0
votes

I need to upload CSV files to a Azure Data Lake Gen2 file system. I'm at my wits' end trying to set the content type of a Azure Data Lake File when creating it. Please see code below:

from azure.storage.filedatalake import DataLakeServiceClient, ContentSettings

def upload_file_to_directory(category, type, startdatetime, enddatetime, content):
    try:

        service_client = get_service_client()

        file_system_client = service_client.get_file_system_client(file_system="tag-data")

        category_directory_client = file_system_client.get_directory_client(category)

        type_directory_client = category_directory_client.get_sub_directory_client(type)

        year_directory_client = type_directory_client.get_sub_directory_client(startdatetime.strftime("%Y"))

        month_directory_client = year_directory_client.get_sub_directory_client(startdatetime.strftime("%m"))

        day_directory_client = month_directory_client.get_sub_directory_client(startdatetime.strftime("%d"))

        metadata = {"uploadedby": "Casper Alant"}
        content_settings = ContentSettings(content_type = "text/csv")
        file_name = startdatetime.strftime("%Y%m%d%H%M%S") + "-" + enddatetime.strftime("%Y%m%d%H%M%S") + ".csv"

        file_client = day_directory_client.get_file_client(file_name)

        file_client.create_file(content_settings=content_settings, metadata=metadata)

        file_client.append_data(data=content, offset=0, length=len(content))

        file_client.flush_data(len(content))

    except Exception as e:
      print(e)

The file is created with the content, the "uploadedby" metadata is set correctly, but I can't get it to set the Content Type.

I've been following the official documentation here. I can't seem to find many resources on using this SDK.

1
I'm pretty sure this is a bug.

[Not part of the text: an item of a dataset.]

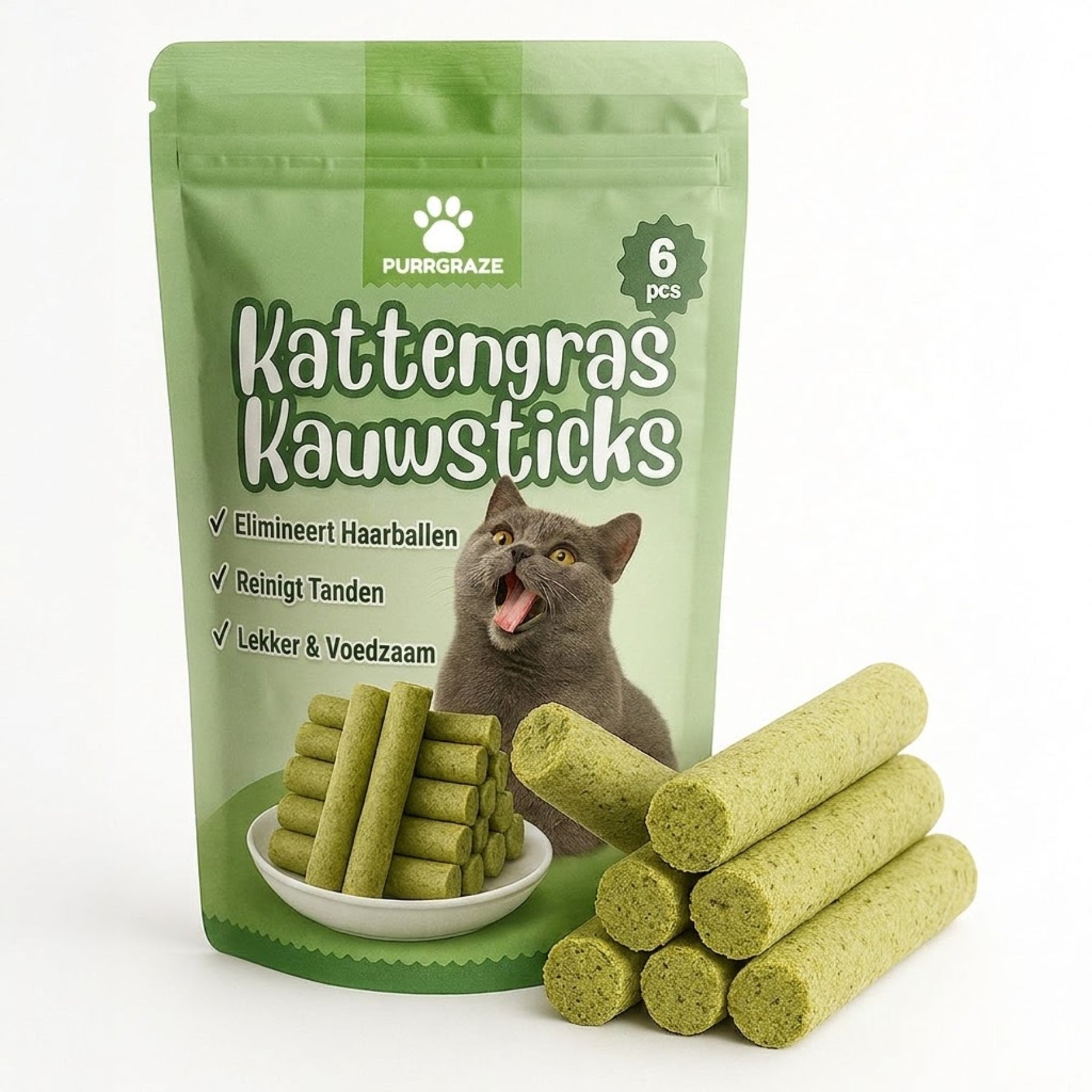 PurrGraze Kattengras Kauwsticks [Vandaag 2 + 1 gratis]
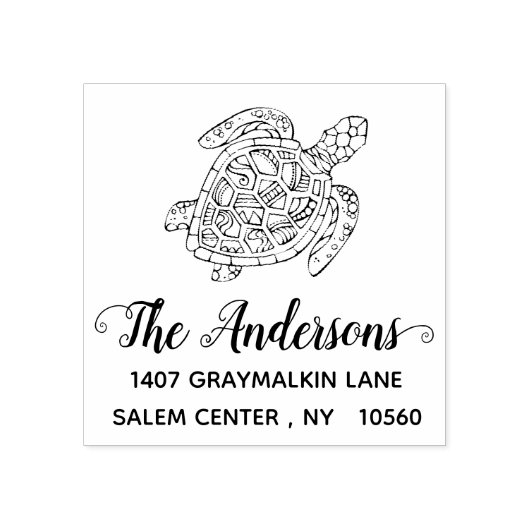 Turtle Return Adres Kalligrafie Aangepaste Familie Rubberstempel (Afrduk)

I created a pull request for a fix: github.com/Azure/azure-sdk-for-python/pull/10066Casper Alant

1 Answers

1
votes

If you're using azure-storage-file-datalake 12.0.0b7, you can set content-type in the flush_data method.

#your other code

content_settings = ContentSettings(content_type = "text/csv")

file_client.flush_data(len(content),content_settings=content_settings)